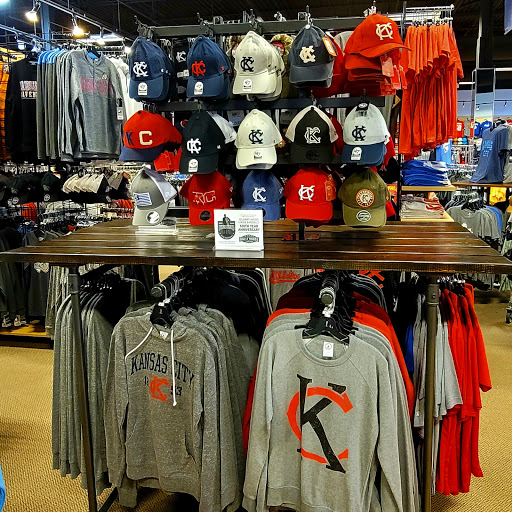 Sportswear Store «Rally House Boardwalk», reviews and photos, 8650 N Boardwalk Ave, Kansas City, MO 64154, USA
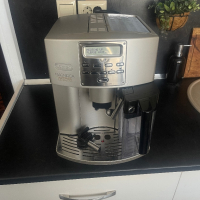 Кафемашина Delonghi Magnifica Automatic Cappuccino , снимка 1 - Кафемашини - 45011675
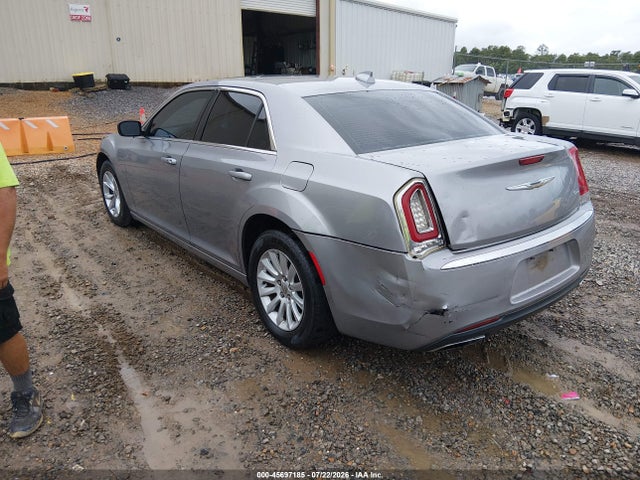 Chrysler 300 Limited 2015 2C3CCAAG3FH755223 Image 3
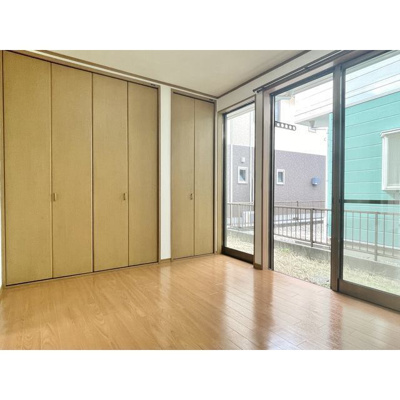 【居間・リビング】 | ☆洋室5.8帖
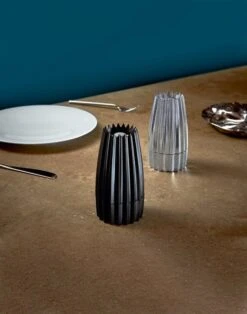 Alessi Salz-, Pfeffer- Und Gewürzmühle, Schwarzes Aluminium 11 Alessi Salz-, Pfeffer- Und Gewürzmühle, Schwarzes Aluminium -Alessi Verkaufsgeschäft 0005 WAl03 amb1 A4 3500pxl 1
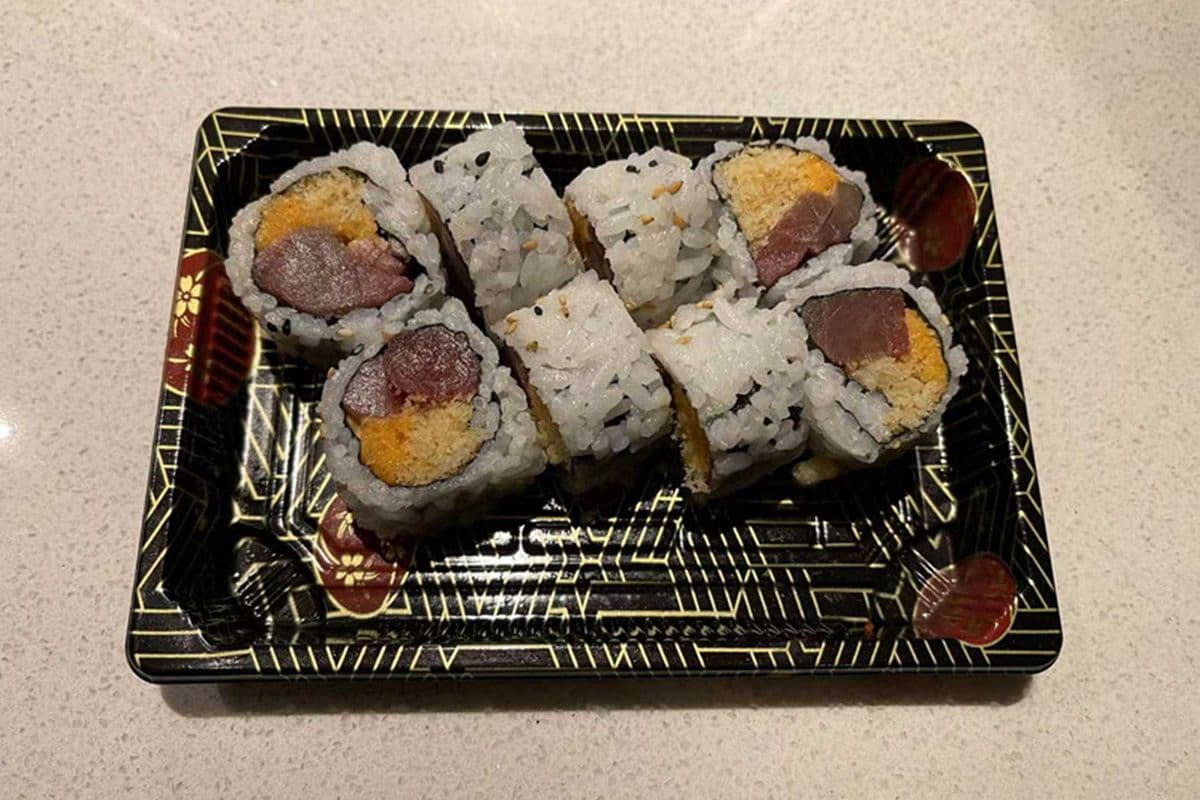 052 Spicy Red Tuna Roll (8 pcs)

--- --- ---

Copy the whole listing above word for word but do not carry over the pictures.

**Response to the task:**
 Sportswear Store «Rally House Boardwalk», reviews and photos, 8650 N Boardwalk Ave, Kansas City, MO 64154, USA
 Кафемашина Delonghi Magnifica Automatic Cappuccino , снимка 1 - Кафемашини - 45011675
 Chrysler 300 Limited 2015 2C3CCAAG3FH755223 Image 3
 【居間・リビング】 | ☆洋室5.8帖
 Alessi Salz-, Pfeffer- Und Gewürzmühle, Schwarzes Aluminium 11 Alessi Salz-, Pfeffer- Und Gewürzmühle, Schwarzes Aluminium -Alessi Verkaufsgeschäft 0005 WAl03 amb1 A4 3500pxl 1
 052 Spicy Red Tuna Roll (8 pcs)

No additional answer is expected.